● PROBLEM TO SOLVE:
Everything below from the line with "ECOVACS DEEBOT T20 Omni Robot Vacuum & Mop" through the line with "Pertenencia Al Grupo en la Adolescencia" should be copied exactly, and nothing else; leave out the pictures.

● DATA FOR THIS EXERCISE:
□ □ □ □ □ □ □

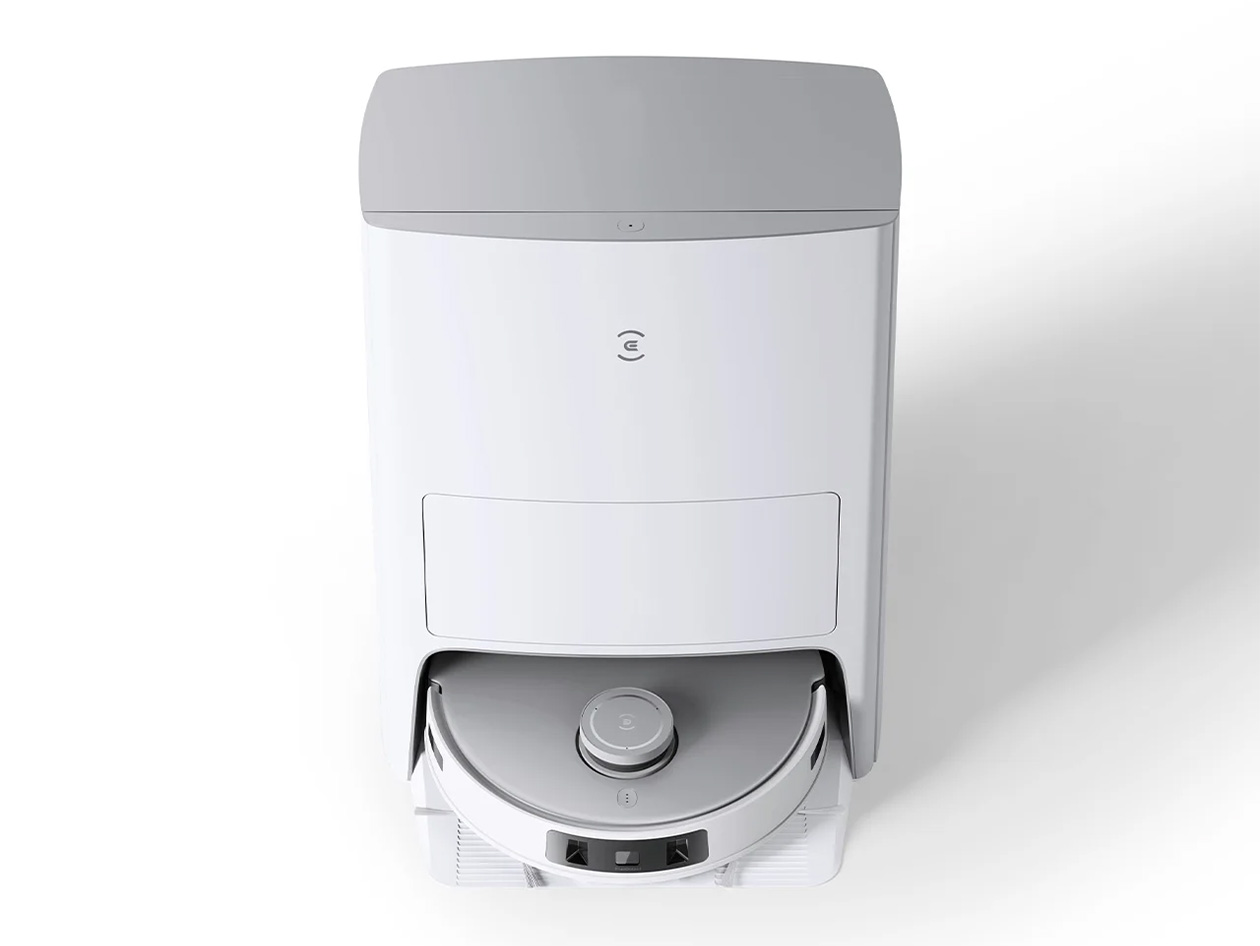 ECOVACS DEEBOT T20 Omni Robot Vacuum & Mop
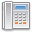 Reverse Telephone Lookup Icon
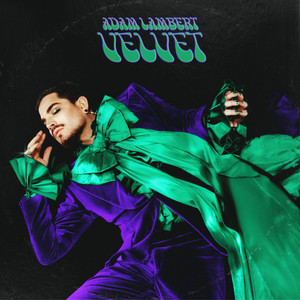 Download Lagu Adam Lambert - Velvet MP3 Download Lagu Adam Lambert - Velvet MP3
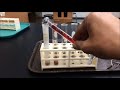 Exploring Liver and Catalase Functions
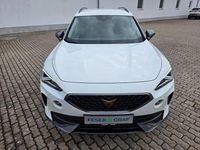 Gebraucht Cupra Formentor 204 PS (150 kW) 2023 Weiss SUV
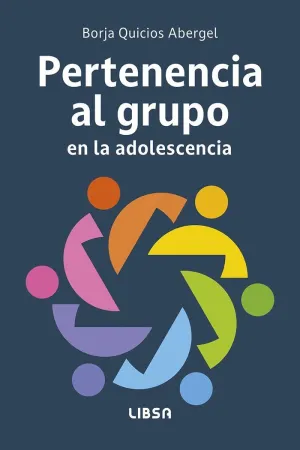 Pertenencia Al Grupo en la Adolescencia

□ □ □ □ □ □ □

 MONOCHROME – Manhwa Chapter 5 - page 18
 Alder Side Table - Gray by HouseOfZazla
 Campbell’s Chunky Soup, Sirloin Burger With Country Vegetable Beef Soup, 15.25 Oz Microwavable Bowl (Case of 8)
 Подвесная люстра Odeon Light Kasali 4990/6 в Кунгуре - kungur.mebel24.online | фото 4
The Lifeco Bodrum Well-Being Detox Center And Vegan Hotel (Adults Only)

□ □ □ □ □ □ □

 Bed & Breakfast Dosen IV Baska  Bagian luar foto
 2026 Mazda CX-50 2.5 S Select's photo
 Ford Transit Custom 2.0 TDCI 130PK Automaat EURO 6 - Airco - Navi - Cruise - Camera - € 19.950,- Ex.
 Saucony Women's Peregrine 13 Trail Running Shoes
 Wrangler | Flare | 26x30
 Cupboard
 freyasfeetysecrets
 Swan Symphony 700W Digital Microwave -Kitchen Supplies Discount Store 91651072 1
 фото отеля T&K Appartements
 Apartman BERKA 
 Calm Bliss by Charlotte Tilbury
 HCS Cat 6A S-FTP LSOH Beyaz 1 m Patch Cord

□ □ □ □ □ □ □

● ANSWER SPACE:
 ECOVACS DEEBOT T20 Omni Robot Vacuum & Mop
 Reverse Telephone Lookup Icon
 Download Lagu Adam Lambert - Velvet MP3 Download Lagu Adam Lambert - Velvet MP3
 Exploring Liver and Catalase Functions
 Gebraucht Cupra Formentor 204 PS (150 kW) 2023 Weiss SUV
 Pertenencia Al Grupo en la Adolescencia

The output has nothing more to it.